We ran into a quite weird problem two weeks ago. One week before, we rebuilt our three node swarm (all managers) and installed 18.09.9 (unfortunately we couldn’t install the most current version yet). The initial deployment of our workload went perfectly fine. Most of them have one app and one database service, around 30 stacks.

Then, two week ago, a colleague had to deploy an updated image used by one of the existing stacks (we use Jenkins to deploy them). Right after the deployment stage started (simple docker deploy command), all the network connections from external to any container running on the swarm went down. The entry point for all the network traffic to the stacks is a HAProxy container running on each of the nodes. After around 10 minutes it recovered itself. Few minutes later, he started another deployment of the same stack, and the same thing happened again. As it is a production swarm, we couldn’t play around more there. The HAProxy containers were running all the time and didn’t restart.

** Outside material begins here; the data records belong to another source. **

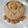 Asha Sharma's cooksnap of when they made Vermicelli hearts.
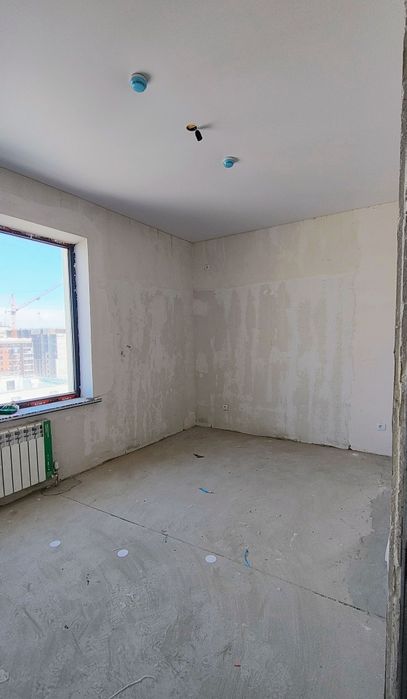 Квартира 2/12/16 Oʻz Zamin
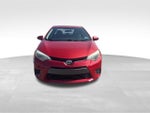 2016 Corolla Thumbnail 8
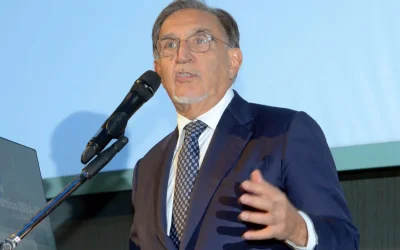 La Russa “Meloni è la Messi della politica”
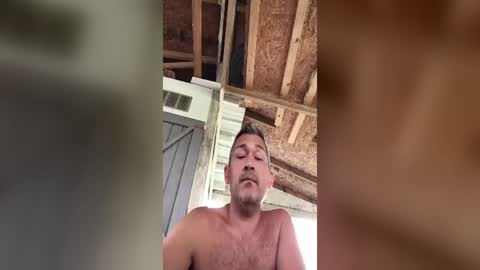 Snapshot of countryjoe2002 chatting on July 14, 2026, 7:19 pm countryjoe2002 online show from July 14, 2026, 7:19 pm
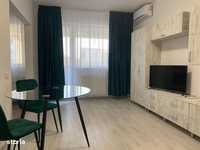 Apartament 2 camere de inchiriat-Lidl Metalurgiei-Grand Arena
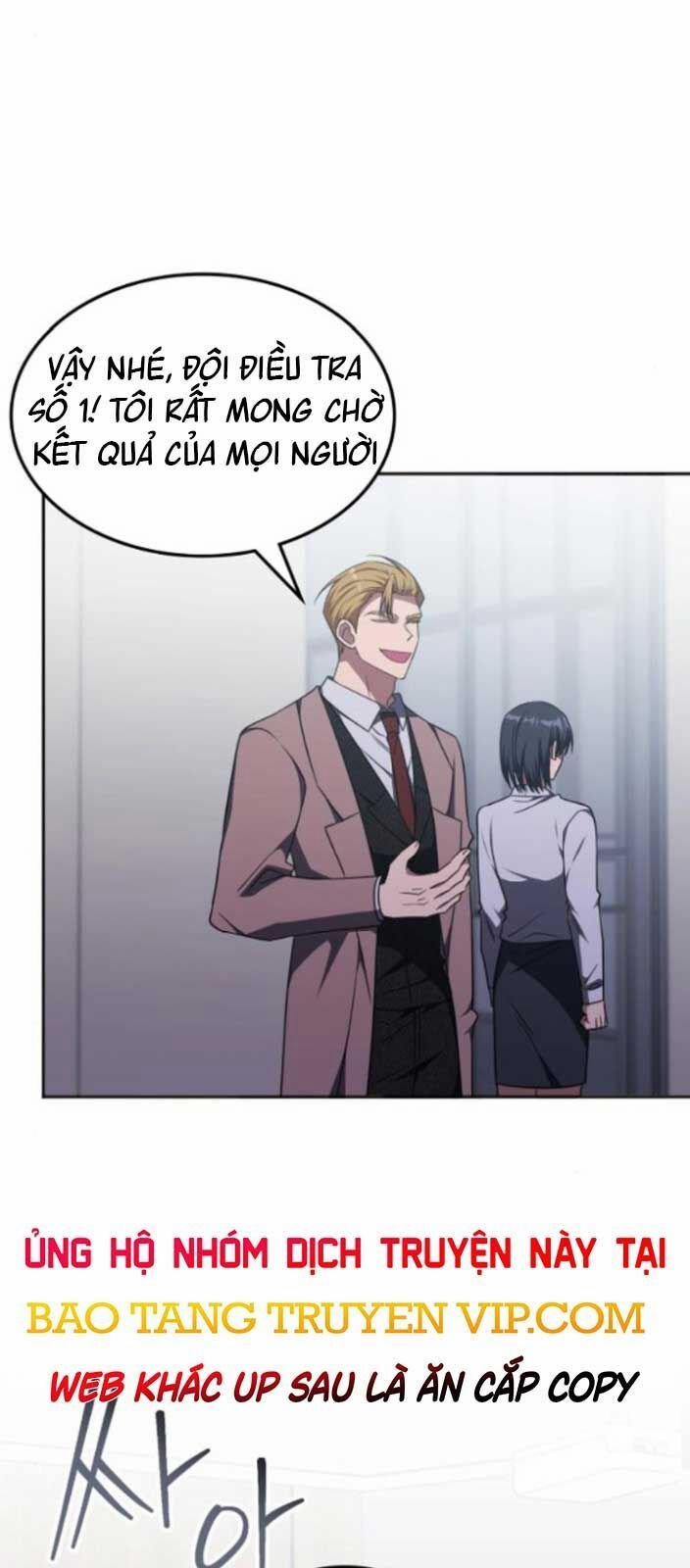 Trị Liệu Sư Quá Mạnh 28 trang 9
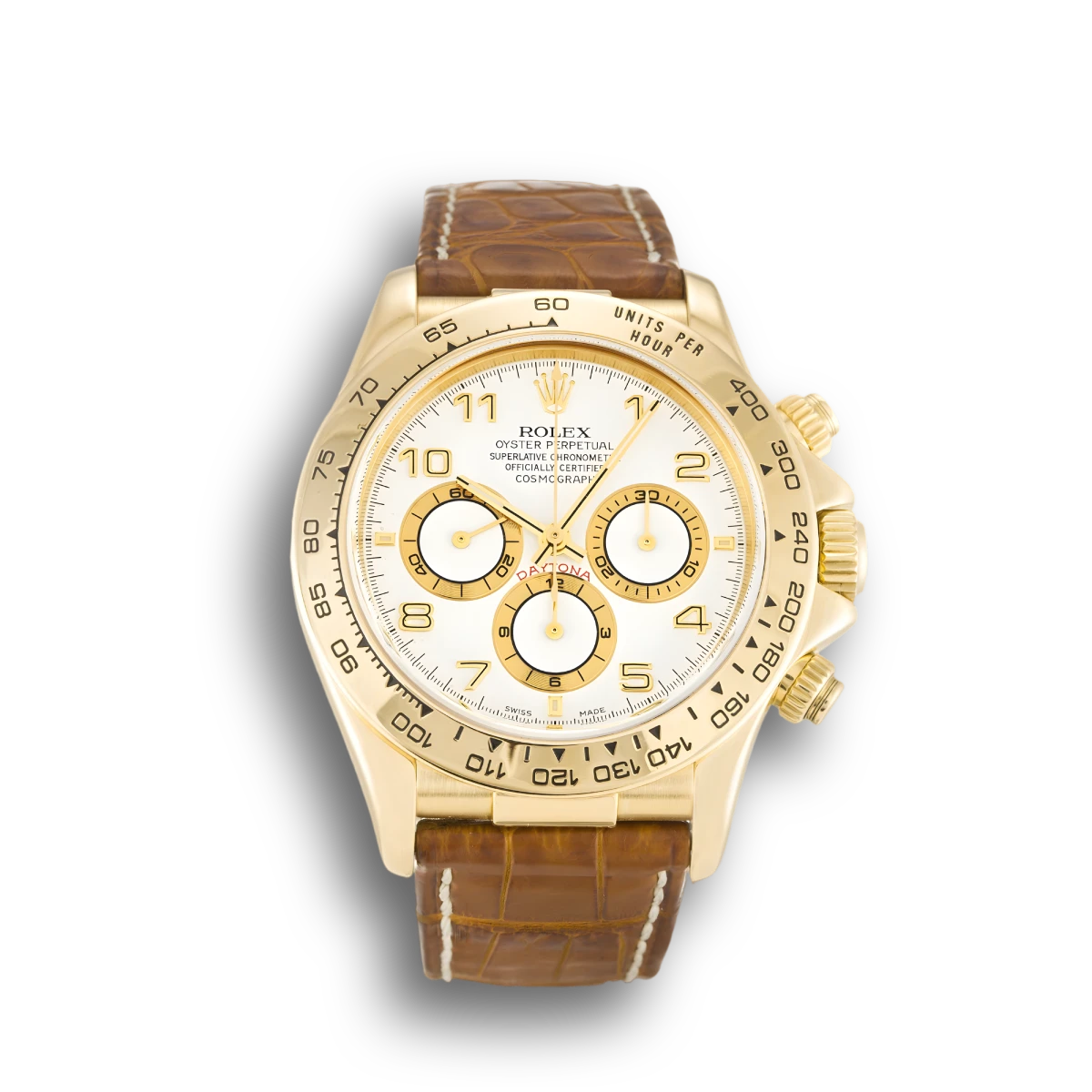 Daytona 16518-
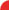 stc_52b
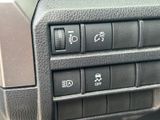 Used 2024 Toyota Tacoma Truck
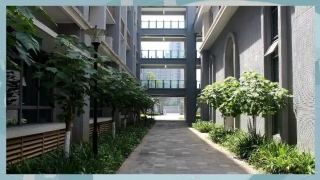 成都市第四十九中学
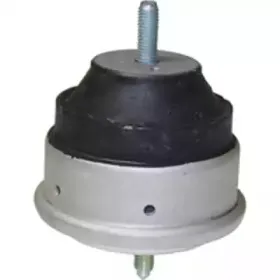 50158 BIRTH Подвеска, двигатель 50158 BIRTH Подвеска, двигатель
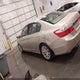 1HGCR2F83EA040524 2014 Honda Accord Ex-L auction photo thumbnail 15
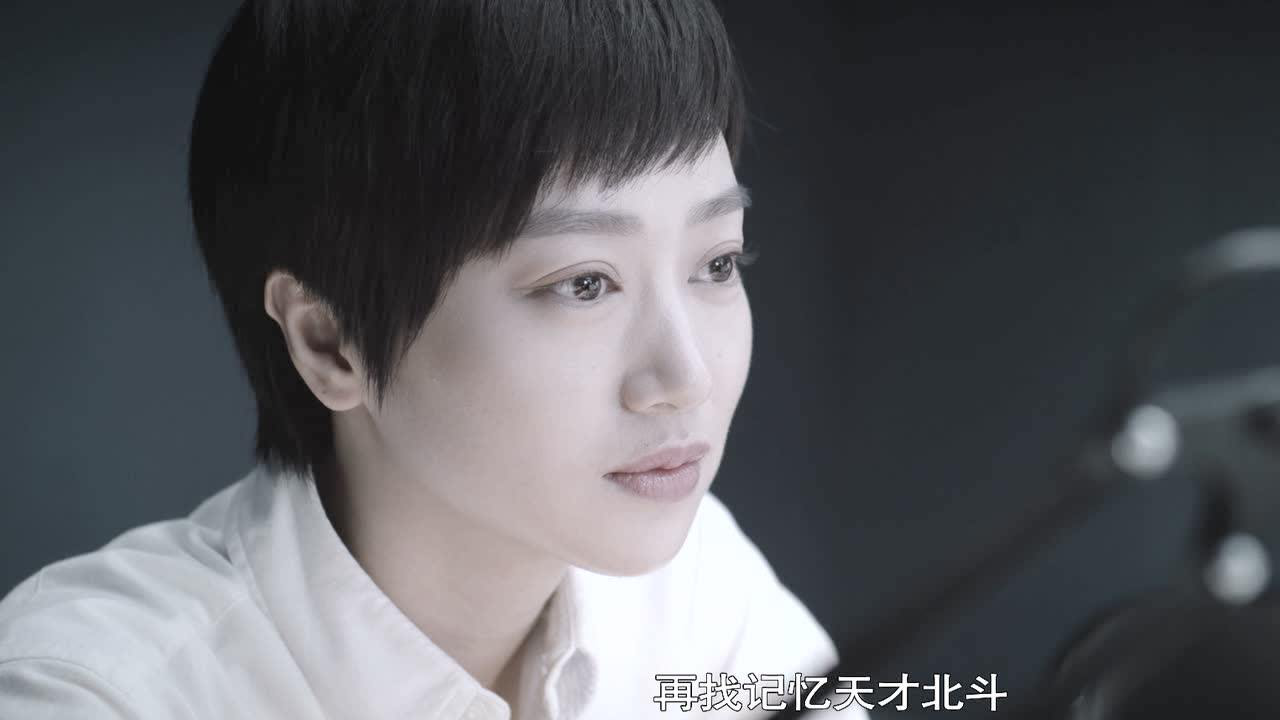 不能犯规的游戏 35集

But then we faced the same problem on our test swarm running 18.09.0 (and a different kernel version, RHEL7 btw.).
The bad thing is, that we couldn’t find a way to reproduce it. No matter what we do, most of the times it works just fine.

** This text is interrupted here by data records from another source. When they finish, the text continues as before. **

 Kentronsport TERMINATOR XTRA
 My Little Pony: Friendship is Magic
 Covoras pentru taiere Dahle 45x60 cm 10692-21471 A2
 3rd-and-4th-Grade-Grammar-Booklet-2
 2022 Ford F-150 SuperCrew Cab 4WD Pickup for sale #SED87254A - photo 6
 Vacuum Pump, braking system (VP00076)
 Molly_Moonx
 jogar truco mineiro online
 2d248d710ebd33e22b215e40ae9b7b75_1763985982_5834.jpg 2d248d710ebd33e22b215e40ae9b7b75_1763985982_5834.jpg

Some days ago, I updated our Jenkins image on the test swarm (docker service update --image …) on the command line and all the network connections went down again. Couldn’t access any of the services from external. The containers were still running and SSH to the node itself was fine. 10 minutes later, everything was fine again.

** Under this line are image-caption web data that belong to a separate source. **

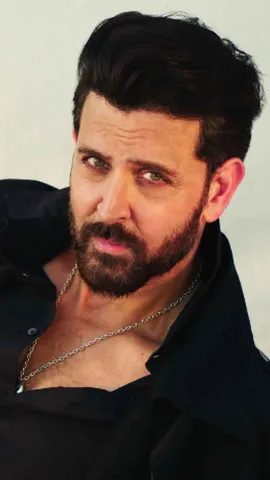 Hrithik Roshan Reveals Jr. NTR as His Favorite Co-Star!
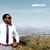 Dwayne Sanders's profile image
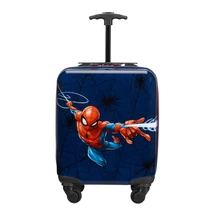 Samsonite Disney Ultimate 2.0 Fedélzeti Spinner 45 cm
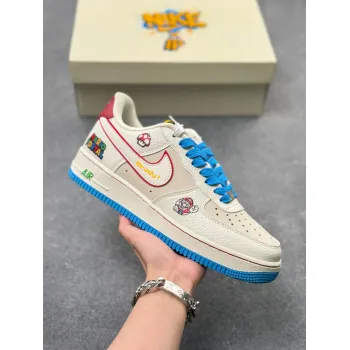 Nike Shoes for Nike Air Force 1 shoes #A62555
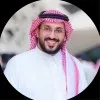 Yousef Alwallan
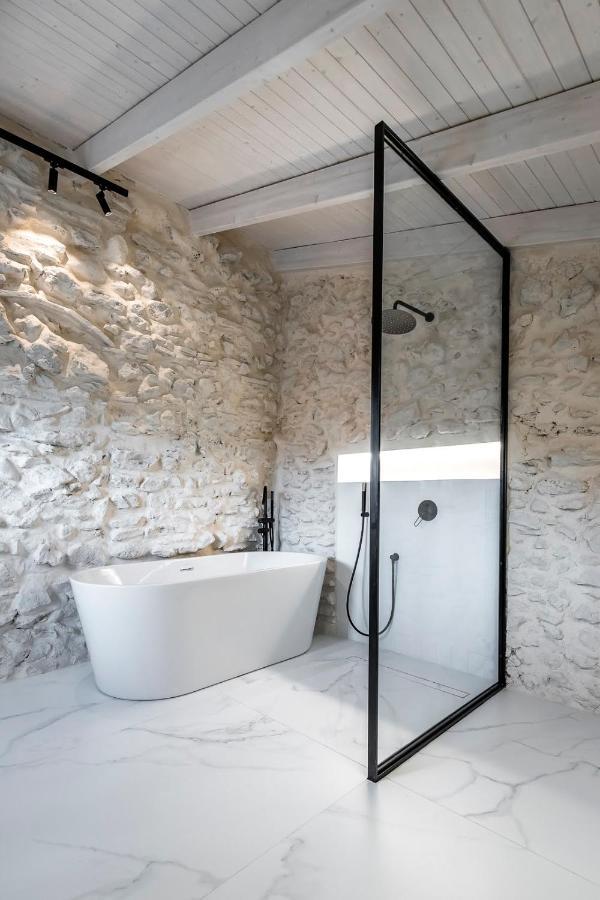 Abbi Suites Casa Rural, Suites & Spa Bocairent Exteriör bild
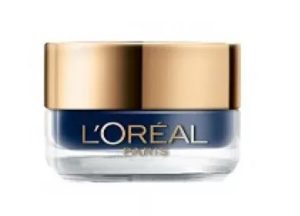 L'Oreal Paris Super Liner Gel Intenza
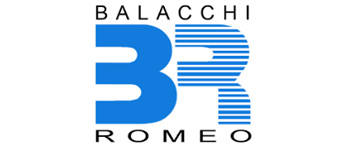 balacchi romeo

The only interesting log messages we see is the following:

Oct  1 11:26:32 server01 kernel: IPVS: rr: FWM 4100 0x00001004 - no destination available
Oct  1 11:26:32 server01 kernel: IPVS: rr: FWM 4100 0x00001004 - no destination available
Oct  1 11:26:33 server01 kernel: IPVS: rr: FWM 4100 0x00001004 - no destination available
Oct  1 11:26:33 server01 kernel: IPVS: rr: FWM 4100 0x00001004 - no destination available
Oct  1 11:26:35 server01 kernel: IPVS: rr: FWM 4100 0x00001004 - no destination available

But these also show up when the deployment worked without the network issue.
Aside from these messages, there is absolutely nothing which would give a hint. No logs from HAProxy, Docker or the running applications. The network is just dead for around 10 minutes and then back again. Total weird.

Any help is appreciated, as I’m quite out of ideas…

Thank you
Urs

1 Like

Mystery solved…
At the end it was our HAProxy creating an infinite loop as soon as a backend went down.
Seems that DNS handling of Docker and/or HAProxy has changed over time. We never had this problem within the last two years with very similar configurations.
We now prevented the loop by improving the check of the backend hosts.

Have same problem with host in hosting,
some times all containers on the host are down/restart

and similar in log
sudo journalctl -k | grep “IPVS”
Jan 10 17:27:18 speech kernel: IPVS: rr: FWM 47197 0x0000B85D - no destination available
Jan 10 17:27:23 speech kernel: IPVS: rr: FWM 47196 0x0000B85C - no destination available
Jan 13 17:44:57 speech kernel: IPVS: rr: FWM 43824 0x0000AB30 - no destination available
Jan 13 17:44:58 speech kernel: IPVS: rr: FWM 43824 0x0000AB30 - no destination available

Same problem. Strangely, 2AM all the connections to a swarm cluster running a database is dropped.